Pages

Monday, November 7, 2011

Oreo Cupcakes

The first time I really pieced together a recipe to create my own was when I was trying to find a use for the plethora of mint in my garden.  Incidentally, if you are ever to grow mint--never, ever, ever plant it in your garden--use pots.  Trust me. 
I ended up creating a mint oreo cupcake recipe that was pretty darn awesome.  When mint was (finally!) no longer in season, I adapted them for a plain Oreo cupcake instead.  I made these for my physics kids last year and they were a huge hit!  The only pictures I can find are of the mint ones I made, but they look the same minus the mint sprigs and mint Oreos.  If  you're interested in how I made the mint ones, I do have the modifications listed after the recipe


Essentially, they are chocolate cupcakes filled with whipped cream and topped with a cookies and cream whipped cream.  You could do a buttercream instead, but I think the light topping works better than an overly sweet one.  Garnish with half an Oreo and you're set!  Tasters will also be surprised by not only the filling, but the Oreo half on the bottom. 


Oreo Cupcakes and Mint Oreo Cupcakes

Yield: About 30 cupcakes

Ingredients

Cake

  • 30 oreos, split
  • 12 tablespoons unsalted butter (1 1/2 sticks), very soft
  • 1 3/4cups unbleached all-purpose flour (8 3/4 ounces)
  • 4ounces unsweetened chocolate , coarsely chopped
  • 1/4cup cocoa (3/4 ounce)
  • 1/2cup hot water
  • 1 3/4cups sugar (12 1/4 ounces)
  • 1 1/2teaspoons baking soda
  • 1teaspoon table salt
  • 1cup buttermilk
  • 2teaspoons vanilla extract
  • 4 large eggs
  • 2 large egg yolks
Frosting and filling
  •  3 cups heavy cream (cold)
  • 2/3 cup powdered sugar
  • 2/3 cup Oreo crumbs (perfect use for those extra oreo halves!)
Garnish: 15 Oreos, halved


Instructions
  1.  Adjust oven rack to middle position; heat oven to 350 degrees.

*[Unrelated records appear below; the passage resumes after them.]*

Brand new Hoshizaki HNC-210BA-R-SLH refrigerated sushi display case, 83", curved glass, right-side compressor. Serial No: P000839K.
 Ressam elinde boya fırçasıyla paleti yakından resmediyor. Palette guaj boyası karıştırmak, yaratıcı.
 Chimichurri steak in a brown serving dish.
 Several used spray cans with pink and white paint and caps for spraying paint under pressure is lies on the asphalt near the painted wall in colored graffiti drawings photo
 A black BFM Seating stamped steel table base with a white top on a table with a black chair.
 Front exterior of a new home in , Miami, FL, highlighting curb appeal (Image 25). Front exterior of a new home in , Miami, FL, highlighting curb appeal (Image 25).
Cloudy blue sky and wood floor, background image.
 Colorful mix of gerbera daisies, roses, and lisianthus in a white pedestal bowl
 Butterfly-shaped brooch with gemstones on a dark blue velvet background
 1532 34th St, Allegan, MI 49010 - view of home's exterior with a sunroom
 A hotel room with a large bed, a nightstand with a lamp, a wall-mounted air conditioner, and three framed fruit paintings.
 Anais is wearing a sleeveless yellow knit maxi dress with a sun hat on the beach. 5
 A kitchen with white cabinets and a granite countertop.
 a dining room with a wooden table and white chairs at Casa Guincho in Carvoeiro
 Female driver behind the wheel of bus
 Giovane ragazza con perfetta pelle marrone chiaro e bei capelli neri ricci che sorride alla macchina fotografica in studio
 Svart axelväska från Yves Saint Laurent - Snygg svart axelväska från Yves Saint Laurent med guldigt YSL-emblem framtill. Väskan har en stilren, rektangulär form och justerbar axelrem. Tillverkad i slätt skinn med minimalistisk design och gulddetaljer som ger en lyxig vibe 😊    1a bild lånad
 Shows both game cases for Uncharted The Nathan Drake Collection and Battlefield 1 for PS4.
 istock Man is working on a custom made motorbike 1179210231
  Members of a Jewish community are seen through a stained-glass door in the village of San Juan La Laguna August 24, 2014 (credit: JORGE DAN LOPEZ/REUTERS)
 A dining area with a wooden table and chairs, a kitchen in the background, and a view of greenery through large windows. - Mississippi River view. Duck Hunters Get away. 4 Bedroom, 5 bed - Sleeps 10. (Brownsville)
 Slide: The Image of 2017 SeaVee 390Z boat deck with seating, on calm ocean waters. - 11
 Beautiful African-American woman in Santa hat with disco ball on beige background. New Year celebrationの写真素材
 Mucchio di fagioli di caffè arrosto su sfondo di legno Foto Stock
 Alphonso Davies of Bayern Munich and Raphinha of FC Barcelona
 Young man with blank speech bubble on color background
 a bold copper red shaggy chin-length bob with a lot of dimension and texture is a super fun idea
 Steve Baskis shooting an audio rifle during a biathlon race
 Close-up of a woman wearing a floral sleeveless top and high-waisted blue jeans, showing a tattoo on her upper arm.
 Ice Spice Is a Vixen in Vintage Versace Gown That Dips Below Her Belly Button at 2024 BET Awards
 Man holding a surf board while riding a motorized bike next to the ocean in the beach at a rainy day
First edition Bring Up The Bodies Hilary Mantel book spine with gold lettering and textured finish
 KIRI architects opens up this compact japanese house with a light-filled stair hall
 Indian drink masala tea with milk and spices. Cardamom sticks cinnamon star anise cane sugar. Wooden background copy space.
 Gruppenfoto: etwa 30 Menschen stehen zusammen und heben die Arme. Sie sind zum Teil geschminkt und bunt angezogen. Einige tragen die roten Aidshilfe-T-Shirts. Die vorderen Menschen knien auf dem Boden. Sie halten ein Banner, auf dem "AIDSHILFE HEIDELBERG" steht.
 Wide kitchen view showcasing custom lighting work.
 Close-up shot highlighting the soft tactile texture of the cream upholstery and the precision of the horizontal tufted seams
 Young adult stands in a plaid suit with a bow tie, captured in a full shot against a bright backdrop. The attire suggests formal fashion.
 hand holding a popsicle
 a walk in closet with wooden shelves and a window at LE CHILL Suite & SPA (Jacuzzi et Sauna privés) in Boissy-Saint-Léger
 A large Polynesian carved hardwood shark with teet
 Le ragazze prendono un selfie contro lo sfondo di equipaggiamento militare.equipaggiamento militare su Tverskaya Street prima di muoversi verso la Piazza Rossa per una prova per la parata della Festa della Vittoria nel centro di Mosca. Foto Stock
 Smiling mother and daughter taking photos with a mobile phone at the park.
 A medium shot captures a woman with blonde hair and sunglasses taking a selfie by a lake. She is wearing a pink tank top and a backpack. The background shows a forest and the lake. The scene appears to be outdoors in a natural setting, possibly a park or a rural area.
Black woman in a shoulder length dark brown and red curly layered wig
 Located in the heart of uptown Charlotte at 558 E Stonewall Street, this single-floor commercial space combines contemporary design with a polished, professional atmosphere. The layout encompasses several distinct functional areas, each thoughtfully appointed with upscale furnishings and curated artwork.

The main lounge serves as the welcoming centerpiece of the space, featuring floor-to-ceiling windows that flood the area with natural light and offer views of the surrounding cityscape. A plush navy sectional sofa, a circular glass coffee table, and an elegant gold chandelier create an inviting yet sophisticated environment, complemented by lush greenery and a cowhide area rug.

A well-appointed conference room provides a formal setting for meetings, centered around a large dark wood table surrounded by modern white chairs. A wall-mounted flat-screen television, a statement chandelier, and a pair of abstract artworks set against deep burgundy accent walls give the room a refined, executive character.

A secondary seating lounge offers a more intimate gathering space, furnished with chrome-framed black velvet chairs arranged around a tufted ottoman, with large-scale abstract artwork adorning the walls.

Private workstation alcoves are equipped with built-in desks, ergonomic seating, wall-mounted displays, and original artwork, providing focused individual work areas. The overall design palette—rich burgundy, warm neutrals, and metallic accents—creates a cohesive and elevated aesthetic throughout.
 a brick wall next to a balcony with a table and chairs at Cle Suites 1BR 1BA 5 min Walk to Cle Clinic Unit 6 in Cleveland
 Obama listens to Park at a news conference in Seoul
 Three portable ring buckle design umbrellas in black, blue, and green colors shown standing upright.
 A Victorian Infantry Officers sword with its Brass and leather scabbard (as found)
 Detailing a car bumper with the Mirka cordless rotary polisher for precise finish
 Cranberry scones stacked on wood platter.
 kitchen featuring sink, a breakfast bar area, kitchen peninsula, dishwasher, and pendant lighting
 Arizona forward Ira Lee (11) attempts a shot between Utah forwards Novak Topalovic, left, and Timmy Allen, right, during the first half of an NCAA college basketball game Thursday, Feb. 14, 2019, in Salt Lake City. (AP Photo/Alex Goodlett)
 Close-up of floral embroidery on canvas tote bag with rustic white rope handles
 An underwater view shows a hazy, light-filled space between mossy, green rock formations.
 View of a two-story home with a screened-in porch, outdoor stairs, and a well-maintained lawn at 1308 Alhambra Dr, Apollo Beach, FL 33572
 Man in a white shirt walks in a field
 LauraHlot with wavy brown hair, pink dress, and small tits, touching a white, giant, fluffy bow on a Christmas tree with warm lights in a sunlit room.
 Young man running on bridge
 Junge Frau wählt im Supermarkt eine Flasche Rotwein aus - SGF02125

Prepare cupcake tins with paper liners. 
    If desired, place an oreo half with the cream side up in the bottom of the liners before you fill with batter. (See right.)
     Combine chocolate, cocoa powder, and hot water in medium heatproof bowl; set bowl over saucepan containing 1 inch of simmering water and stir with rubber spatula until chocolate is melted, about 2 minutes. Add 1/2 cup sugar to chocolate mixture and stir until thick and glossy, 1 to 2 minutes. Remove bowl from heat and set aside to cool.
  2. Whisk flour, baking soda, and salt in medium bowl. Combine buttermilk and vanilla in small bowl. In bowl of standing mixer fitted with whisk attachment, whisk eggs and yolks on medium-low speed until combined, about 10 seconds. Add remaining 1 1/4 cups sugar, increase speed to high, and whisk until fluffy and lightened in color, 2 to 3 minutes. Replace whisk with paddle attachment. Add cooled chocolate mixture to egg/sugar mixture and mix on medium speed until thoroughly incorporated, 30 to 45 seconds, pausing to scrape down sides of bowl with rubber spatula as needed. Add softened butter one tablespoon at a time, mixing about 10 seconds after each addition. Add about one-third of flour mixture followed by half of buttermilk mixture, mixing until incorporated after each addition (about 15 seconds). Repeat using half of remaining flour mixture and all of remaining buttermilk mixture (batter may appear separated). Scrape down sides of bowl and add remaining flour mixture; mix at medium-low speed until batter is thoroughly combined, about 15 seconds. Remove bowl from mixer and fold batter once or twice with rubber spatula to incorporate any remaining flour. Fill cupcake liners 3/4 full.
  3. Bake cakes until toothpick inserted into center comes out with a few crumbs attached, about 20 minutes. Cool to room temperature before frosting, 30 minutes.

  4. FROSTING: With an electric mixer, whisk cream and powdered sugar until stiff peaks form.  With a Bismarck or large star tip, pipe whipped cream into the centers of the cooled cupcakes. Fold the Oreo crumbs into the remaining whipped cream and frost. Garnish with half of an Oreo.

    Note: Make sure your Oreo crumbs are finely, finely, finely ground (I've learned to use a wire strainer) or else it will clog up your star tip terribly!
Chocolate Cake Recipe from Cooks Illustrated


If you want to make them Mint Oreo cupcakes, infuse the cooled cupcakes with a mint simple syrup.  Add mint simple syrup to taste to the frosting as well and use mint oreos instead of regular.  (If I had to guess, I'd say I used maybe a 1/2 cup total simple syrup.  I made these a couple of years ago and didn't measure it out to begin with, so I'm not entirely sure how much you'll need. ) You can also add a sprig of fresh mint to the garnish.  Yum!